:: TASK REQUIREMENTS ::
All records below must be reproduced exactly, although any pictures they contain are to be omitted.

Image-caption web data:

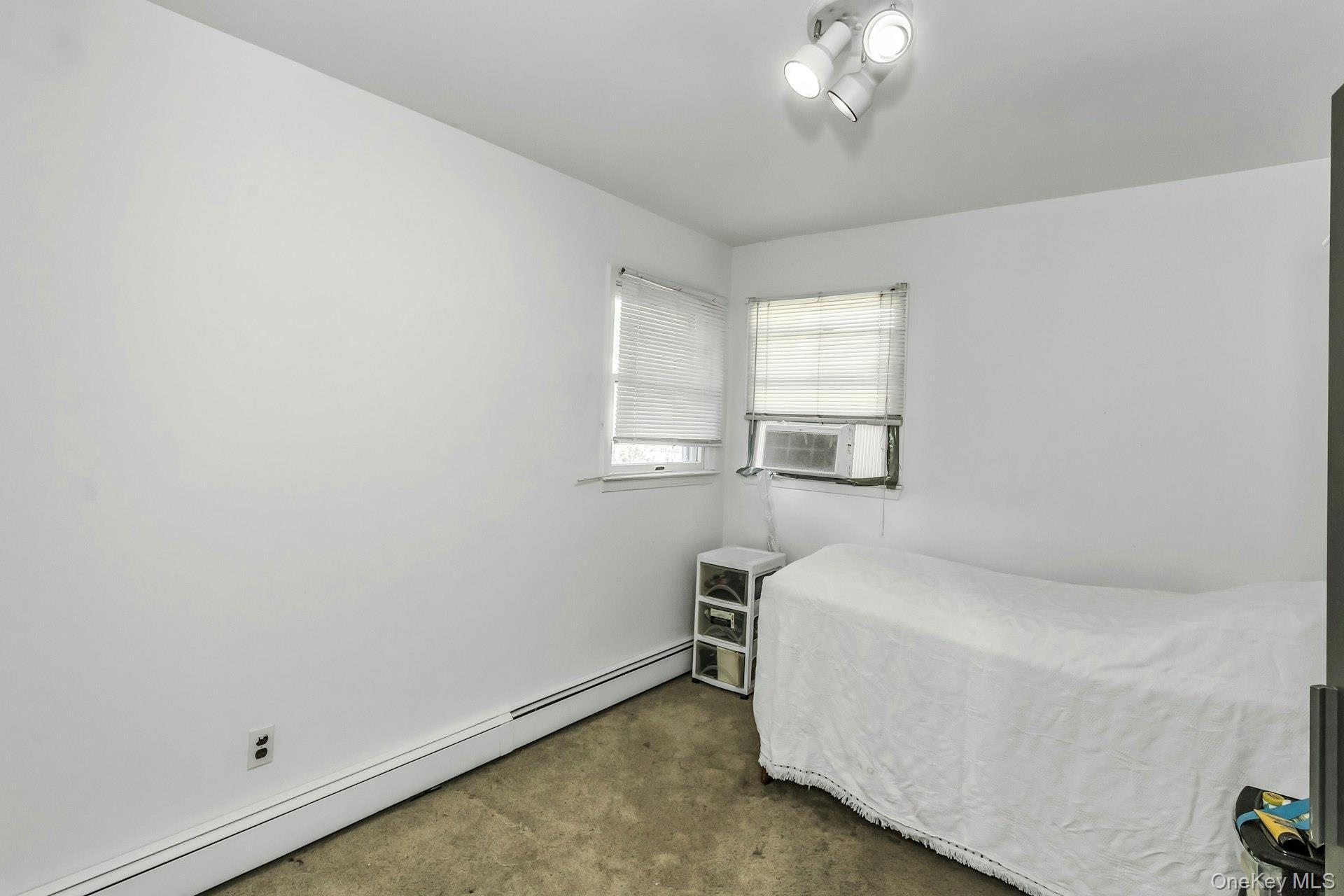 Single Family Pasadena Nassau County, NY 11803, MLS-901302-19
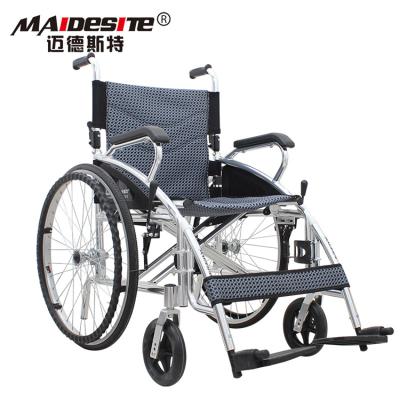 China Elderly 2018 best selling lightweight folding manual wheelchairs for sale for sale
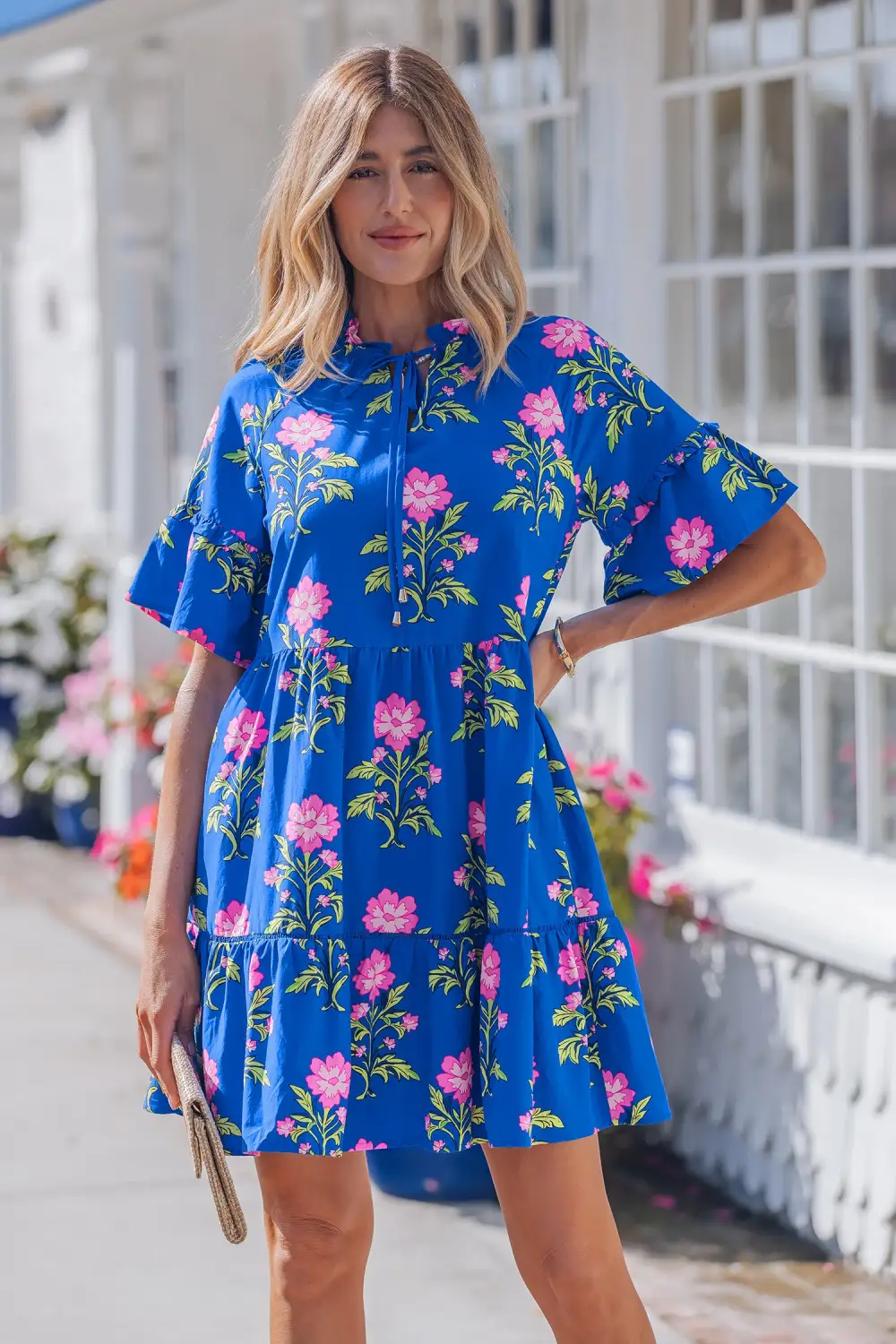 Relaxed Shape Floral V Neck Short Sleeve Dress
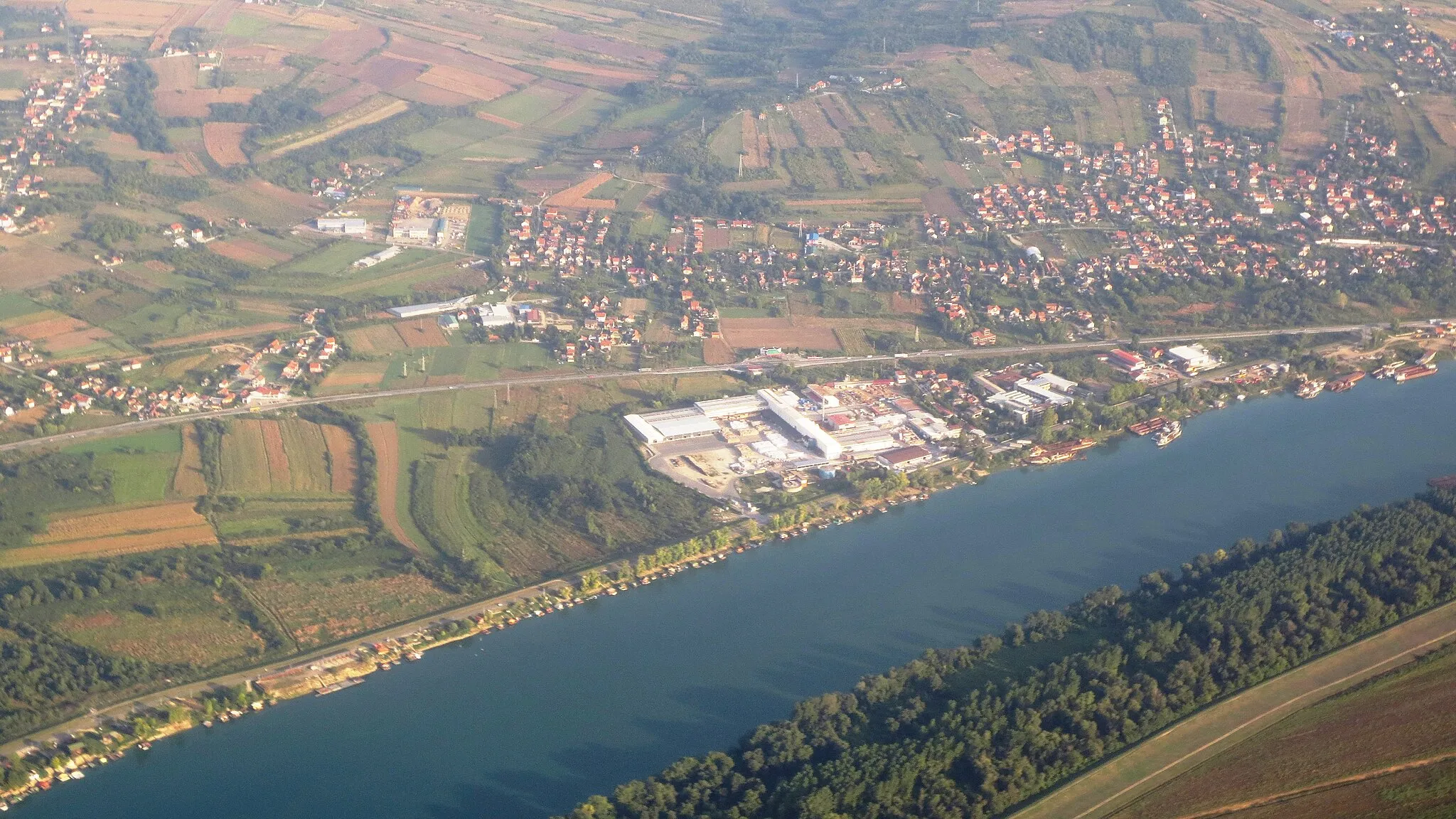 Photo showing: Sava River by Umka, in the Čukarica municipality, eastern Beograd, Serbia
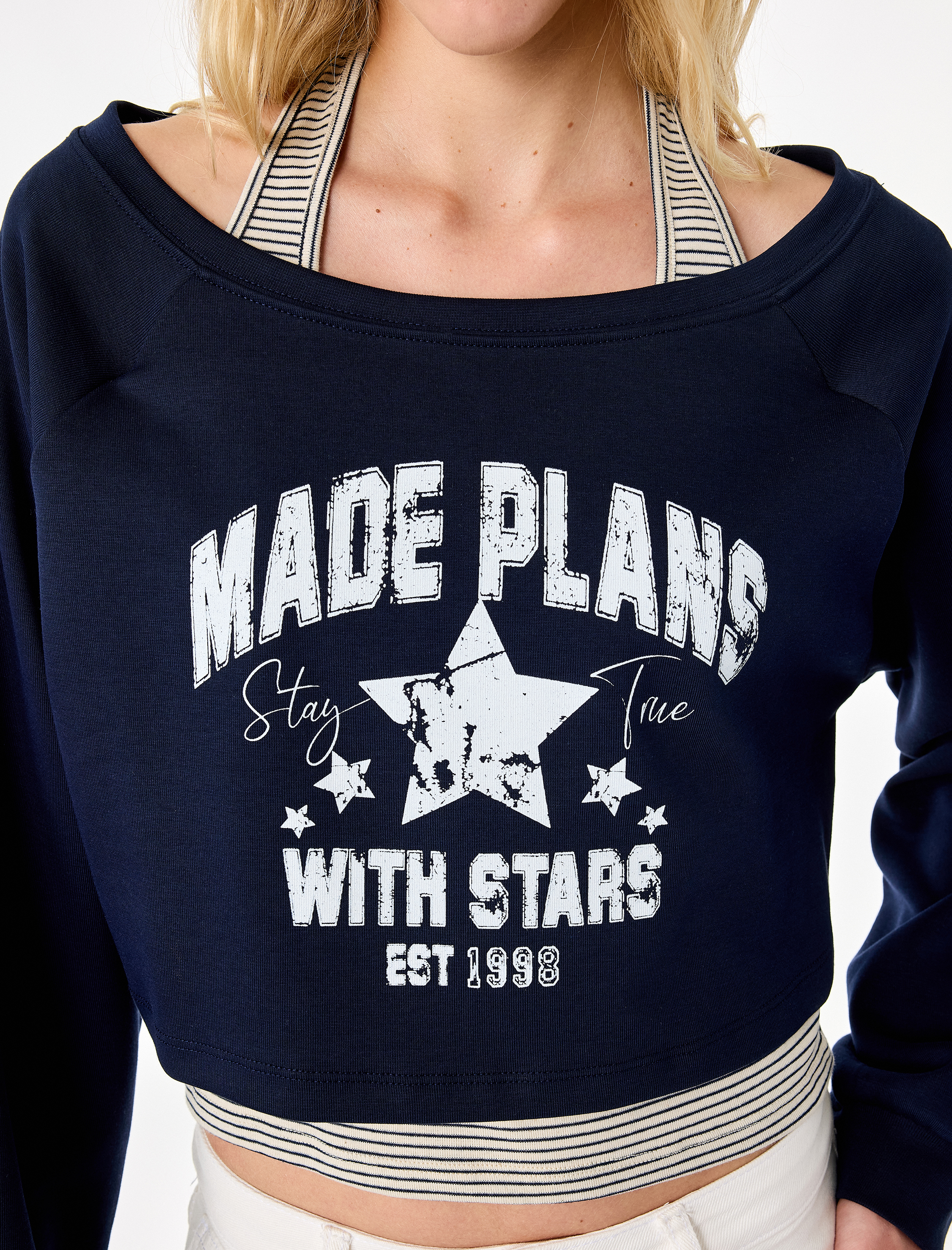   Rahat Kalıp Uzun Kollu Katmanlı Halter Yaka Baskılı Sweatshirt
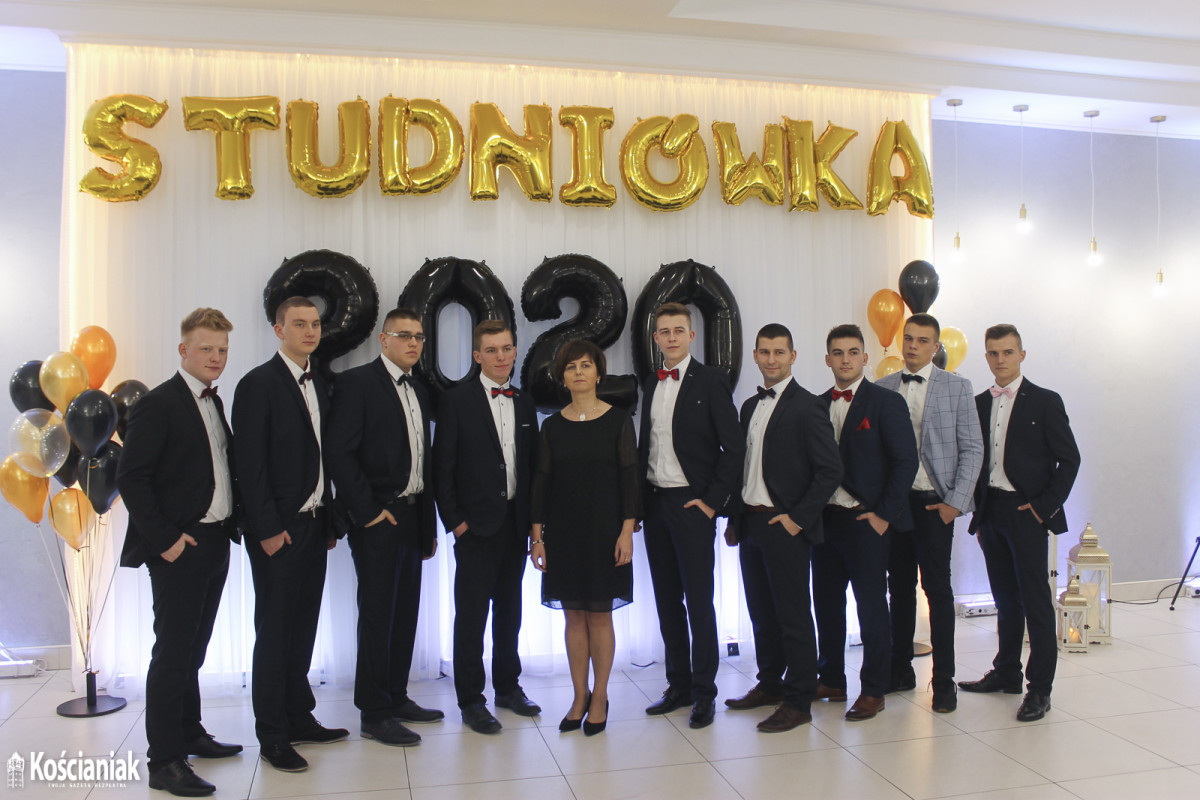 Studniówka w 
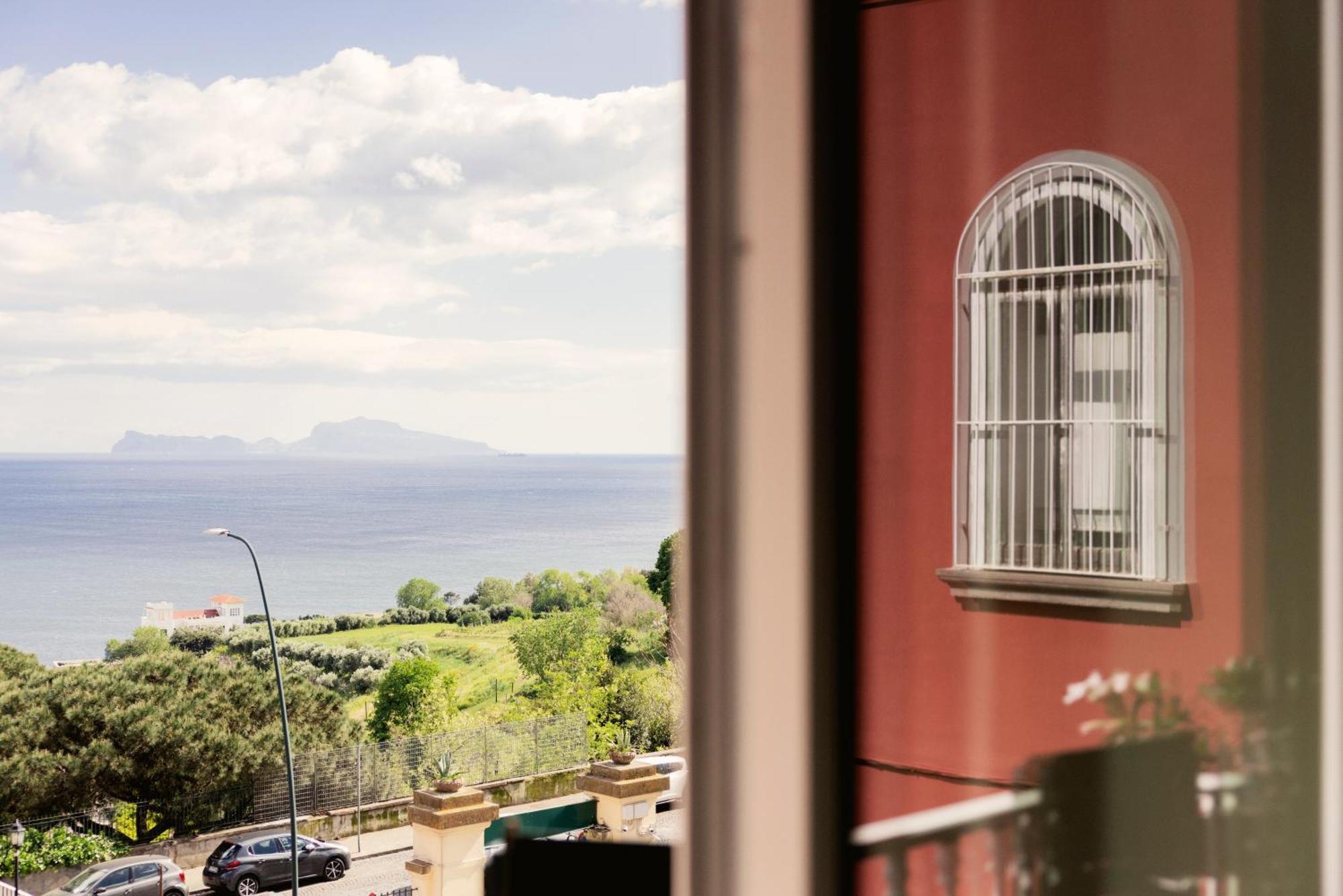 Posillipo 70 Napoli Apartment Exterior photo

:: TASK SOLUTION ::
 Single Family Pasadena Nassau County, NY 11803, MLS-901302-19
 China Elderly 2018 best selling lightweight folding manual wheelchairs for sale for sale
 Relaxed Shape Floral V Neck Short Sleeve Dress
 Photo showing: Sava River by Umka, in the Čukarica municipality, eastern Beograd, Serbia
   Rahat Kalıp Uzun Kollu Katmanlı Halter Yaka Baskılı Sweatshirt
 Studniówka w 
 Posillipo 70 Napoli Apartment Exterior photo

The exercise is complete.